A few comments on "Detailed Scenario of Dongle Usage":
So, you walk up to ANY terminal directly connected to a host, or to a terminal server, or a personal computer of any kind connected through a modem, or borrow someone's laptop connected to a cellular modem.
As several people have pointed out, terminals are passe'. In general, my mail never goes over a serial line. Here at MIT, most people have unix machines on their desks. Mail is composed on the unix machine, sent via ethernet to the mail hub, and received via POP or NFS from the mailhub. To make life worse, often, the machines are in public clusters where anyone can log in. And, (sit down here), the root password for these public machines is well known. (The servers' root passwords are a closely guarded secret.) So, for me, the crypto-dongle is almost completely useless.
Call up, or telnet, dial up a bbs, or connect through any other means, to your host, and log in.
Except IP. One of my machine at work runs SLIP over its serial port. What am I supposed to do now?
Any time an encrypted message is displayed whose public key ID matches one of the private keys on your keyring, the dongle temporarily buffers the message it into its RAM, flashes the "decrypt" LED, while decrypting the message.
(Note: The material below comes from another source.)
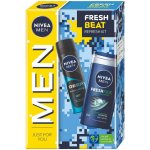 Nivea Men Fresh Beat sada sprchový gel Men Fresh Kick 250 ml + antiperspirant Men Deep Beat 150 ml pro muže – Hledejceny.cz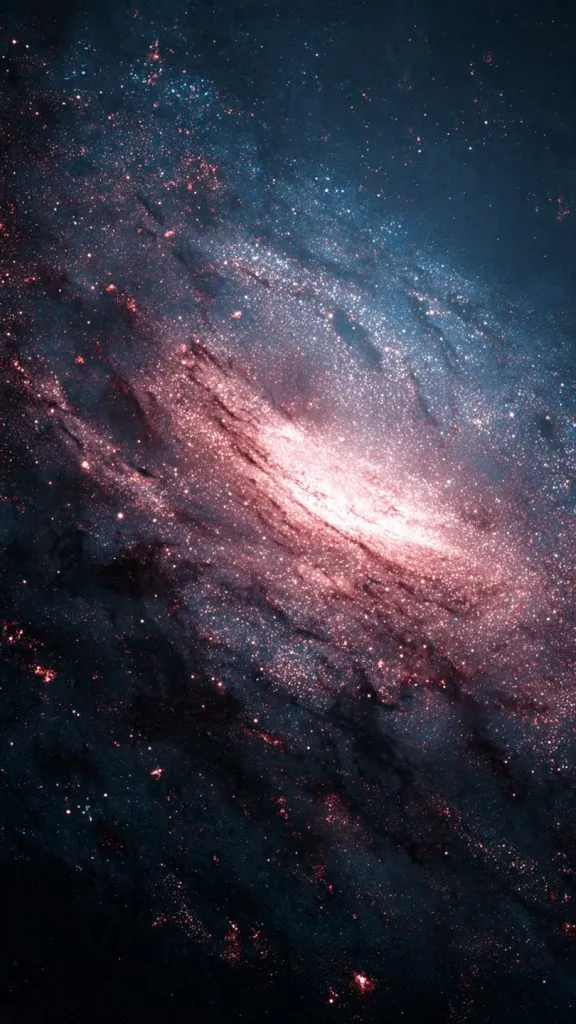 dark galaxy glow wallpaper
Someone else mentioned this, but I didn't understand your response. I read mail in emacs, a full-screen editor. it displays the first screenfull, and I hit space to scroll down. Does the dongle recognize emacs and hit space, or what?
Now, press the "encrypt" button on the dongle. It presents you with a simple line editor, that works with any terminal or terminal emulation, but is reasonably easy to use (something like most bbs-es use for composing messages). You type your message, or if it was prepared ahead of time on the local equipment, you transmit the text.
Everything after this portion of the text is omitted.